Exercise: With the pictures left out, write out exactly the lines of the listing below that run from the line with "Lot 262 - Setright" through the line with "2015 Hyundai Sonata".

Data supplied:
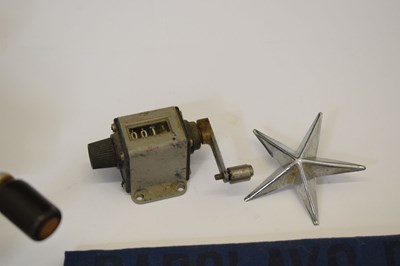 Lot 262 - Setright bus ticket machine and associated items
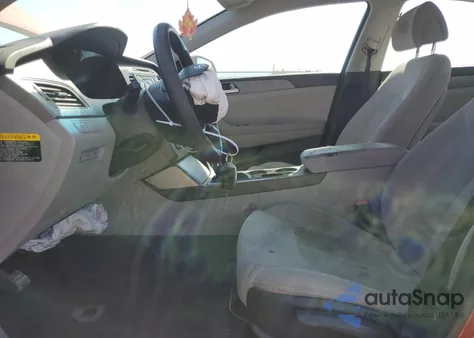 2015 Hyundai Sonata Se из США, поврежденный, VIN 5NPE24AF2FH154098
==
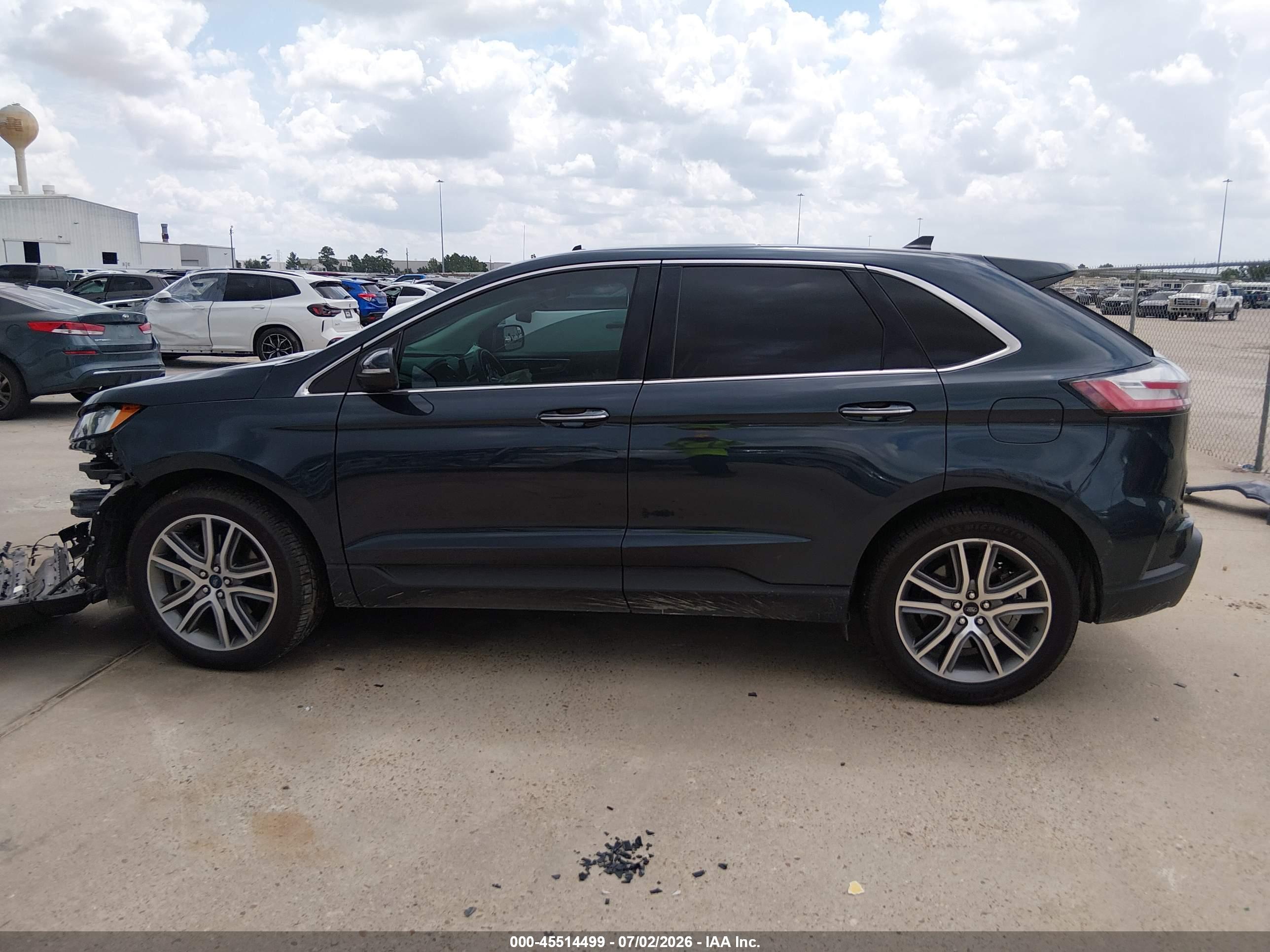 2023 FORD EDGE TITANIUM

Task response:
 Lot 262 - Setright bus ticket machine and associated items
 2015 Hyundai Sonata Se из США, поврежденный, VIN 5NPE24AF2FH154098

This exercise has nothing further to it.